Day three started out well and just got better. We pulled out of the Austin KOA and found a truck stop right away. The truck stop had a little Mexican taco stand attached but we didn’t want to wait ten minutes for food while the Edmund was occupying a pump. Fortunately there was a selection of home made breakfast tacos available at the cash register. We stocked up on tacos, ice, and beverages and were back on the road after a blessedly trouble-free refueling.
We made good time around Austin, though we felt a twinge of regret as we were passing it. Our original plan was to spend a month there after ten days at South Padre Island, but with the new problems that had reared their misbegotten heads since we picked up the Edmund from the shop (dead refrigerator, basement flood) we’d decided to bag Austin and stay in South Padre until we had them sorted out. If there was time, we could come back to Austin and spend some days there, but we didn’t want to get our hopes up. We felt a little twinge of regret rolling past San Antonio too, we were supposed to spend two days there exploring the River Walk and seeing the Alamo.
We passed Corpus Christi and entered a long stretch of emptiness, still making good time. The day was going well, we’d availed ourselves of opportunities to take breaks and had plenty of food and drink aboard. It looked like we’d make it to South Padre before the sun went down.
We were twenty miles from our destination, just passing through Los Fresnos, and were pulling up to virtually the last stop light before we arrived at the Big Water when the Honda, apparently tired of being dragged for three days, decided to make a break for it. As we pulled up to the stop light I felt a THUMP at the rear of the Edmund. The backup camera showed the Honda nuzzling the back bumper instead of sitting six feet away at the end of the tow rig. I glanced to my left to check out the side view mirror and saw a carload of people looking at me and pointing frantically at the back of the Edmund.
We bailed out and ran around to the Honda. It was rush hour in Los Fresnos, such as it was; traffic was stacking up and the horns were honking, which didn’t lend itself to a thoughtful evaluation of the situation. We were right in front of a gas station and a couple of guys ran out to see if they could help. I needed to get the tow bar out from under the Edmund so I could see what had happened. I got in the Honda, moved the transmission from Neutral to Park so I could start the engine and back up a few feet. Nothing happened when I turned the key.
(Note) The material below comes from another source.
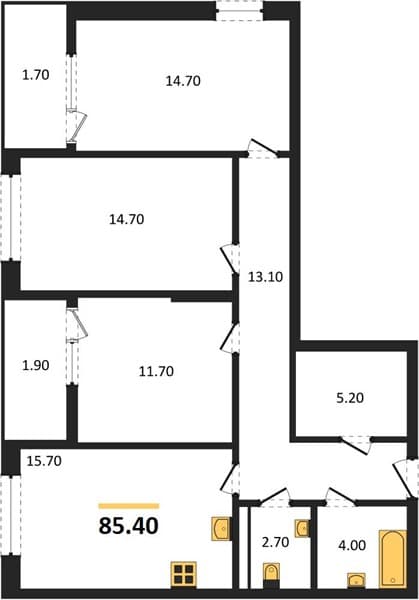 2-Bedroom Apartment with Sea View in Supsekh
By this time the guys were attempting to push the Honda away from the Edmund, so I tried to shift back to Neutral. The transmission was locked. At this point, I’m thinking, “We’ve burned out the transmission!” I got back in the Edmund and pulled it a few feet forward so we could get to the tow harness.
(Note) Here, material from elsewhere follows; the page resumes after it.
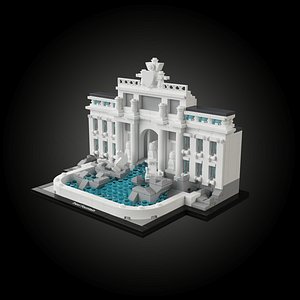 3D Lego 21020 - Trevi Fountain model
When I got of of the Edmund the police were there, directing traffic around the—I have to say it—Wreck of the Edmund Fitzgerald. One of the guys from the gas station helped me disassemble the tow harness and stow it in a basement compartment of the Edmund. There didn’t seem to be any obvious damage to the harness but one of the locking pins was missing, the one that attached the RV hitch to the harness.
At that point, in a statement of the blindingly obvious, one of the officers told me we had to get out of the street. He said I could pull the Edmund around the corner and park it anywhere along the curb and then told me there were two towing companies nearby, one on the other side of the street, and one a few blocks away. So I asked him to call the closest one and got back in the Edmund to pull around the corner as the wrecker from right across the street was firing up to move out. Sure enough, plenty of room to park. Who says you can’t find a parking space when you need to?
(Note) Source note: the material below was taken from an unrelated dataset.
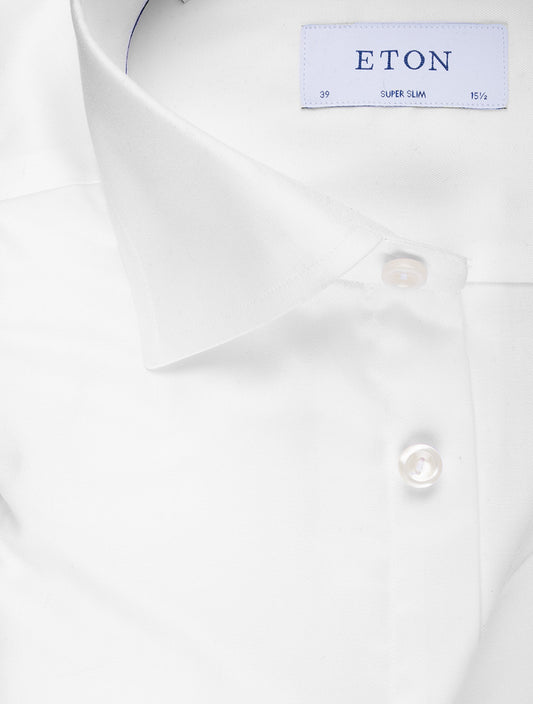 ETON Plain Super Slim Shirt White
By the time I got back to the Honda, the wrecker had already pulled up in front of it. The guy didn’t think the transmission was the problem; he thought the battery was dead. He knew a trick about inserting something at the base of the gearshift to unlock the transmission (the Gear Shift Release) and in five minutes he had it on the wrecker and across the street.
We explained to the police officer what had happened and he said we were were good to go, no harm, no foul. I walked back up the street in the direction we’d come from and after about 100 yards found the missing locking pin. The cotter pin was gone.
We crossed back to the garage the wrecker was from. They reiterated that they thought the battery was the problem and told us they’d keep the car overnight and let us know what was up in the morning. We got back in the Edmund and drove the last twenty miles to South Padre Island, uninterrupted by further catastrophe. We hooked up at the South Padre Island KOA, called our relatives to say we’d arrived alive, and went to the campground restaurant for a meal of rum, tequila, and fried oysters with coconut shrimp for me and shrimp tacos for Nan. Happy Valentine’s Day, Nan!
Then home to the Edmund where we admired the view and fell asleep with visions of Honda Fits dancing in our heads. We don’t have to go anywhere for ONE WHOLE DAY!